Milton continues by writing that “Earth felt the wound, and Nature from her seat/ Sighing through all her works gave signs of woe/ That all was lost.” The personification of nature here anticipates the Romantics attempts to be one with nature. Her “sighing” and “woe” give a feeling of desolate sadness to these lines, but all is not lost. Adam and Eve have gained a future for humanity on Earth. The final lines of “Paradise Lost”, known as “The Expulsion from Eden,” describe Adam and Eve moving on and virtually creating humanity, but there is still a sense of desolate sadness – they are “solitary” and their steps “slow”, but this is simply the beginning. The story which follows will make a more fulfilling conclusion for Adam and Eve. By writing “Paradise Lost” Milton said that we wished to “assert eternal Providence/ and justify the ways of God to men.” Milton is often criticised for his arrogance and belief in his own greatness as a poet, and this statement is a fine example of that. But is it true? A popular modern reading of “Paradise Lost” is that it does not so much justify the ways of God to men as the ways of men to God. Given that the Fall has always been seen as a negative thing for which man must be punished for, and Milton is casting it in a new light, this is probably a more apt reading. Its conclusions and final lines are a quiet form of triumph over adversity, gaining something through losing something, which echoes the moving final lines of “Lycidas”, “At last he rose, and twitched his mantle blue/ Tomorrow to fresh woods, and pastures new.”

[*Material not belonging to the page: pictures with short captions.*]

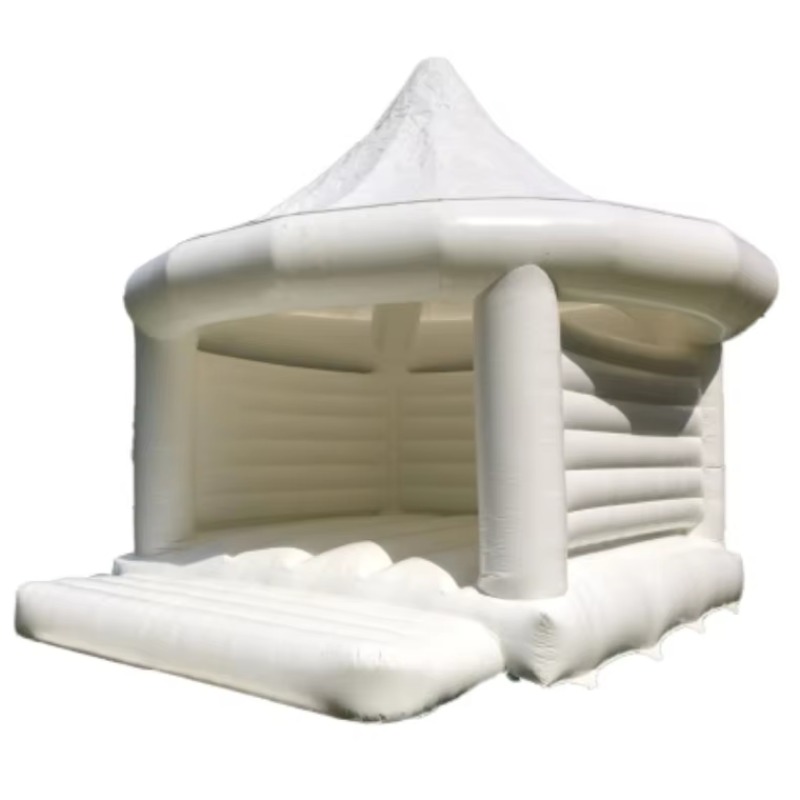 Kids Toys House - Inflatable White Wedding Bouncy House Outdoor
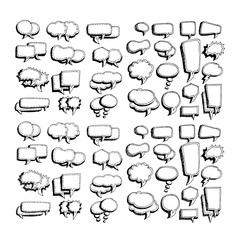 Speech bubble hand drawing illustration design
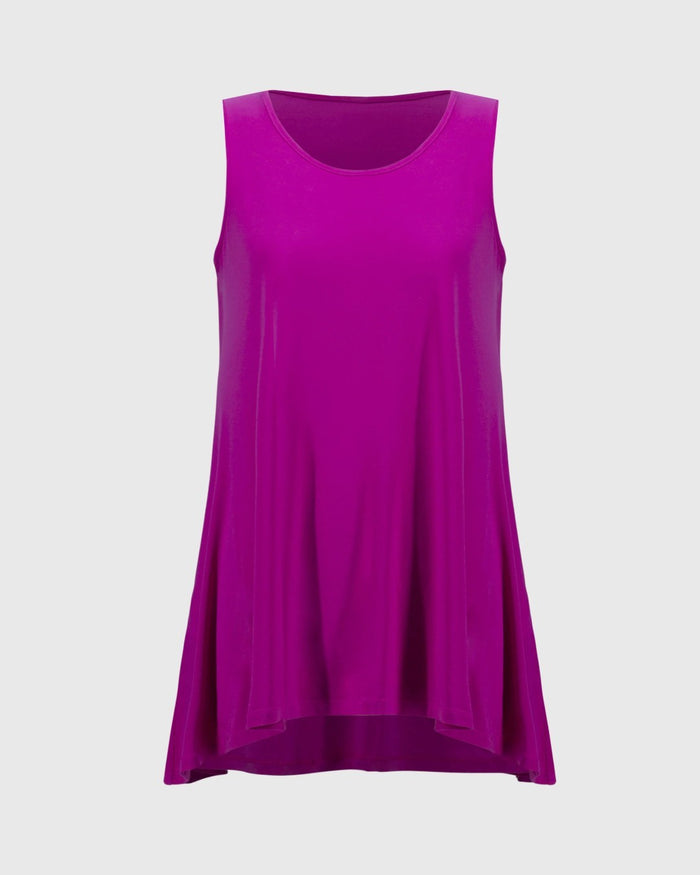 Camisole Évasée en Tricot Soyeux Violet Orchidée - Joseph Ribkoff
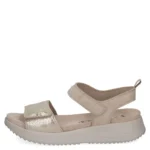 Дамски сандали от естествена кожа Caprice бежови/златисти - Image 2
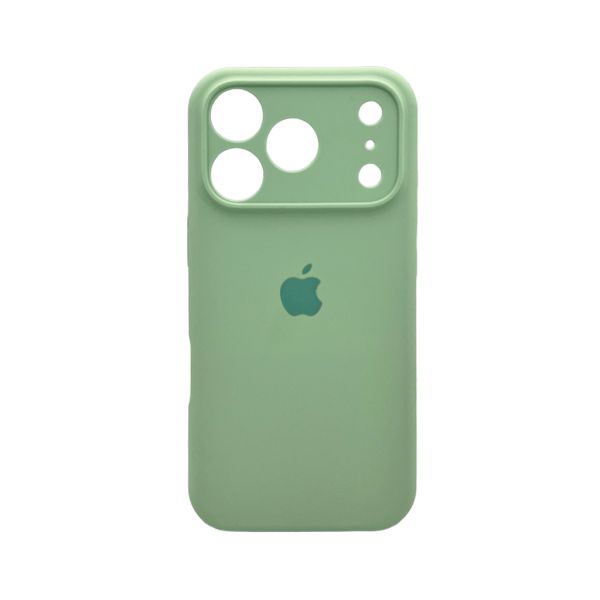 Чохол для смартфона Silicone Full Case AA Camera Protect for Apple iPhone 17 Pro 51,Avokado Green (FullAAi17P-51)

Milton poses for R*E*P*E*A*T

Four years after “Paradise Lost”, Milton would publish a four book sequel, “Paradise Regained,” in which Satan has been overthrown and Jesus is successfully resisting his temptations. After the loose ends of “Paradise Lost”, “Paradise Regained” may have been what the world was waiting for, but it is “Paradise Lost” which remains Miltons most enduring masterpiece to this day.